Among the entries that follow, locate the line with "Hi guys, welcome" and the line with "In this tutorial, we". Output those lines and all lines in between, exactly, minus the pictures.

━━━━━ Data shown

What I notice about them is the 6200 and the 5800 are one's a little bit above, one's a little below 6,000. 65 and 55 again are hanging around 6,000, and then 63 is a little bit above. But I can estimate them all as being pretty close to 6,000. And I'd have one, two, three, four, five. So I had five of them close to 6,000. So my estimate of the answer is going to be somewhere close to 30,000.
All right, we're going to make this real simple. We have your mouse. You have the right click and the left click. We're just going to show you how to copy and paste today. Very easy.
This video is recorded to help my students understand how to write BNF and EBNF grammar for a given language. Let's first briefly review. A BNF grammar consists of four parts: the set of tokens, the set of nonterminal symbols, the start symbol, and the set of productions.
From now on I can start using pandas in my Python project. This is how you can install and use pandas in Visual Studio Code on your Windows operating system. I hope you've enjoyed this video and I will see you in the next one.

━━━━━━━━━━
━━━━━ Data shown

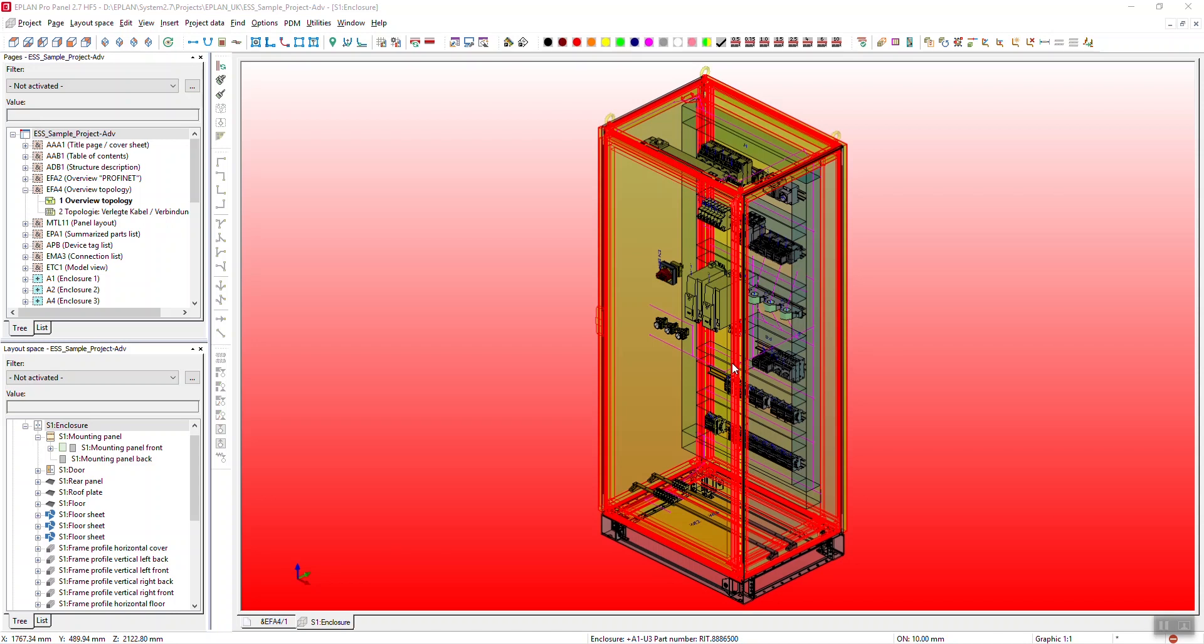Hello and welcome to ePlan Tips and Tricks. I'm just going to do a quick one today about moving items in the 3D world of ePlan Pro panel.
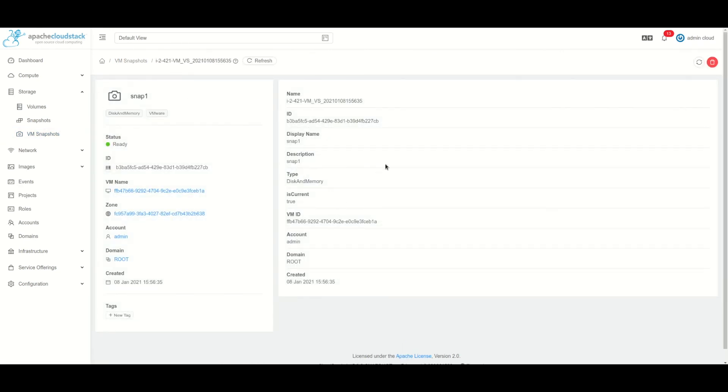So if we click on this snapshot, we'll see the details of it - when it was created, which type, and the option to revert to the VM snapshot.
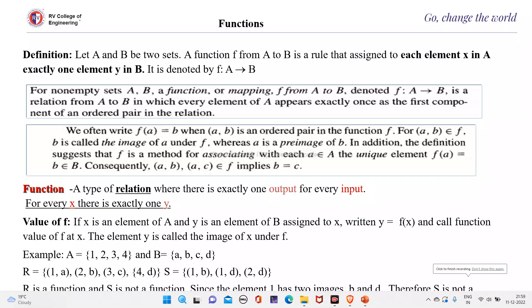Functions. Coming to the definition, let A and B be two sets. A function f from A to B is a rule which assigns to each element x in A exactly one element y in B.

━━━━━━━━━━
━━━━━ Data shown

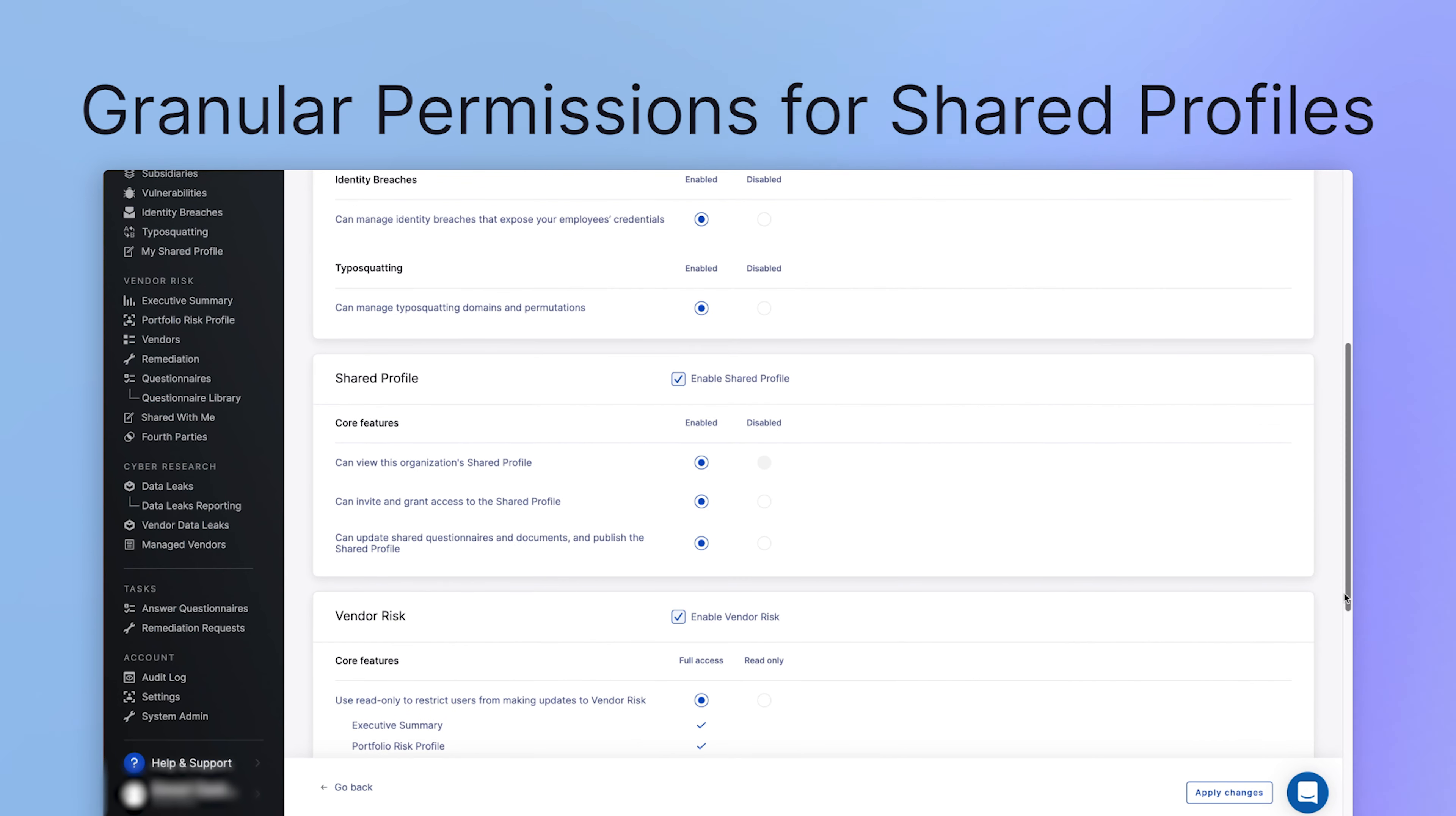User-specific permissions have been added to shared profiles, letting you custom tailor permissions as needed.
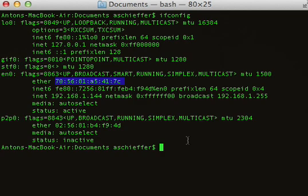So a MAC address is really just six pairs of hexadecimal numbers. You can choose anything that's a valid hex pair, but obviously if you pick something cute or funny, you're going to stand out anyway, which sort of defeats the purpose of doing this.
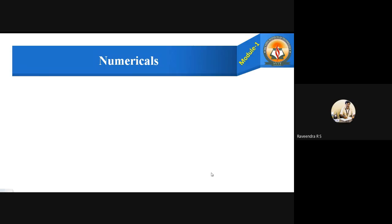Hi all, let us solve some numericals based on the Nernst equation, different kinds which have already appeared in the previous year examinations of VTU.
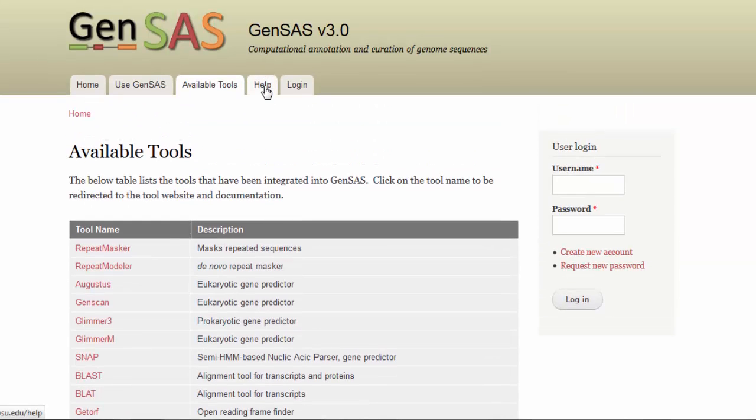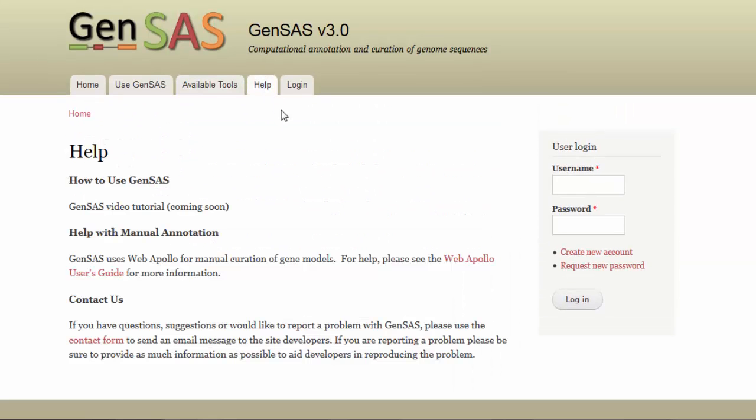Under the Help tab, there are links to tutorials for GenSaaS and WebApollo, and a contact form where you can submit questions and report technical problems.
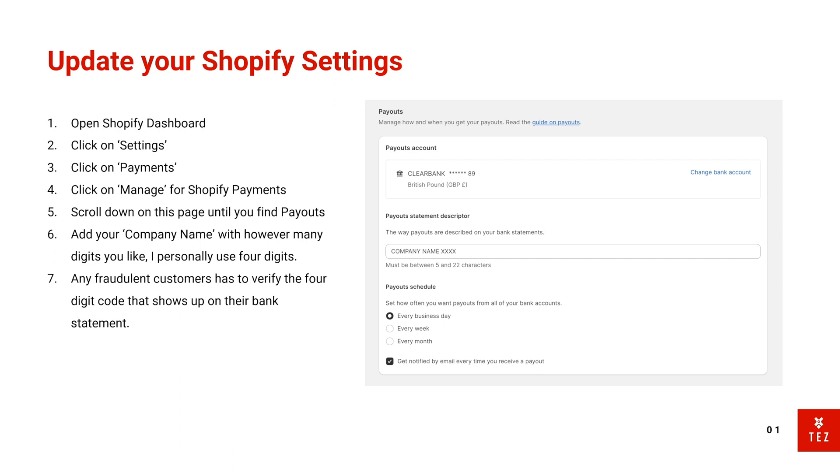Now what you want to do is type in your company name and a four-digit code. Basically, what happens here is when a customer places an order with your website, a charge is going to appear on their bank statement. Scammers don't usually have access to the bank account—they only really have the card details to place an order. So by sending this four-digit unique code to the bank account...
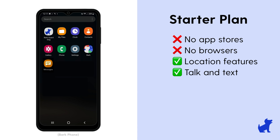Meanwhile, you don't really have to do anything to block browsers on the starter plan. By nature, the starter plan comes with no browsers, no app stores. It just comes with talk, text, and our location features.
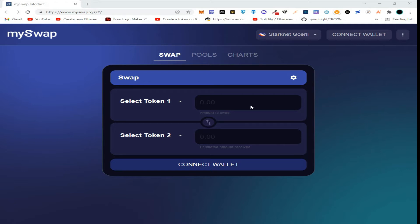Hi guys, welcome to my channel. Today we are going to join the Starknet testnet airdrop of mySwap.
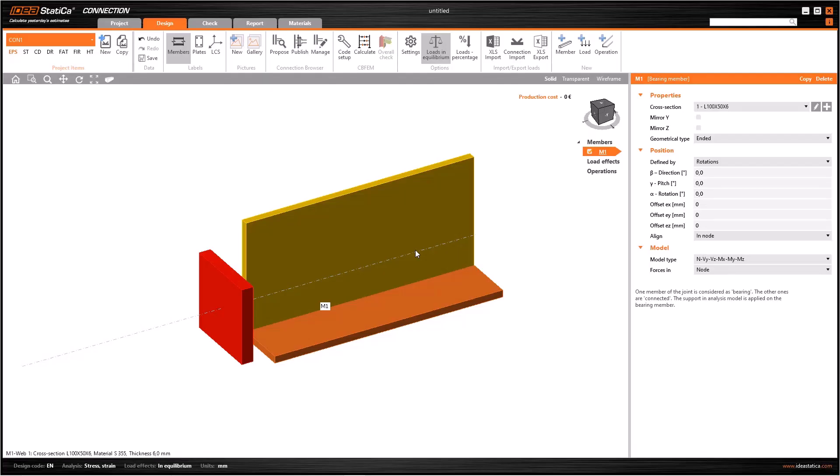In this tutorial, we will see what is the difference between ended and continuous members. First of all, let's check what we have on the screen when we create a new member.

━━━━━━━━━━

Answer for the task
Hi guys, welcome to my channel. Today we are going to join the Starknet testnet airdrop of mySwap.
In this tutorial, we will see what is the difference between ended and continuous members. First of all, let's check what we have on the screen when we create a new member.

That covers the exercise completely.